His secretary had cancelled two appointments for the following week. When the geriatrician asked her why, she simply said, “They died.”
He frowned, though he wasn’t surprised. One patient was in his seventies and the other was in her eighties. People don’t live forever and the odds were simply greater that his patients would die sooner rather than later.
The male patient was a self-proclaimed curmudgeon. Though he often complained during his visits with the geriatrician (“Are you trying to kill me with all of these medications?!”), he was consistently punctual to his appointments and bought a box of chocolates for the office staff every Christmas.
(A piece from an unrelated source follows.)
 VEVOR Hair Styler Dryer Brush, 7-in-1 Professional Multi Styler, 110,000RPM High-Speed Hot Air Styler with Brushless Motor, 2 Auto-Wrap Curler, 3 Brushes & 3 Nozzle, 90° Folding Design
The woman said little. She answered his questions, but balked when he asked anything she thought was intrusive. (“You don’t need to know anything about my memory. I’m fine, thank you.”) In her large purse was a small notebook. At the beginning of every appointment, she fished the notebook out and asked the questions she had written down before their meeting.
He felt sad. He missed them.
“When you do you want to see Ms. Smith again?” his secretary called out.
The geriatrician glanced at the calendar. There was a holiday the following month. More than five weeks would pass if he saw her after the holiday. Though she was close to 90 years old, Ms. Smith was generally healthy. Today, she showed him photographs of her new great-granddaughter. She laughed with energy and enthusiasm.
What if she dies in the interim?
“Before the holiday,” the geriatrician answered.